Why Oh Why Are We Ruled by These Liars? (HSA Edition)
Mark Thoma points us to Edwin Park and Robert Greenstein of CBPP writing about the Bush administration's numbers on Health Savings Accounts.
They lie. About everything. No surprise:
http://www.cbpp.org/2-16-06health.htm ADMINISTRATION DEFENSE OF HEALTH SAVINGS ACCOUNTS RESTS ON MISLEADING USE OF STATISTICS By Edwin Park and Robert Greenstein: [T]he Administration is proposing significant new HSA-related tax breaks that it estimates would cost $156 billion over ten years....
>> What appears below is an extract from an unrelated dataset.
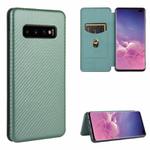 For Samsung Galaxy S10 Plus Carbon Fiber Texture Horizontal Flip TPU + PC + PU Leather Case with Rope & Card Slot(Green)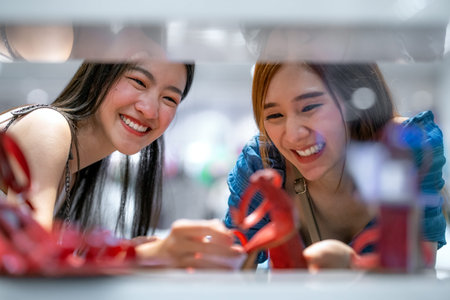 Two surpriced asian girl showing on elegant shoes, shopping time , this photo can use for sales, buy...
Allan Hubbard, director of the White House’s National Economic Council, stated at a press briefing on February 1 that 40 percent of HSA enrollees have incomes below $50,000. Treasury Secretary Snow repeated this statement at a Senate Finance Committee hearing on February 7, and President Bush repeated it in a speech in Ohio on February 15. Hubbard, Snow, and the President implied that this refutes claims that HSAs are disproportionately attractive to the affluent.... [D]ata are available from three recent surveys of HSA enrollees. These surveys found, respectively, that 29 percent, 33 percent, and a little over 40 percent of HSA enrollees had incomes below $50,000. Mr. Hubbard and Secretary Snow ignored the two surveys with the lower figures and presented the 40 percent figure... as though it were the only one available.... [T]he survey cited by Hubbard and Snow was restricted to HSA enrollees in the individual health insurance market, who tend to have lower incomes than HSA enrollees who have employer-based coverage....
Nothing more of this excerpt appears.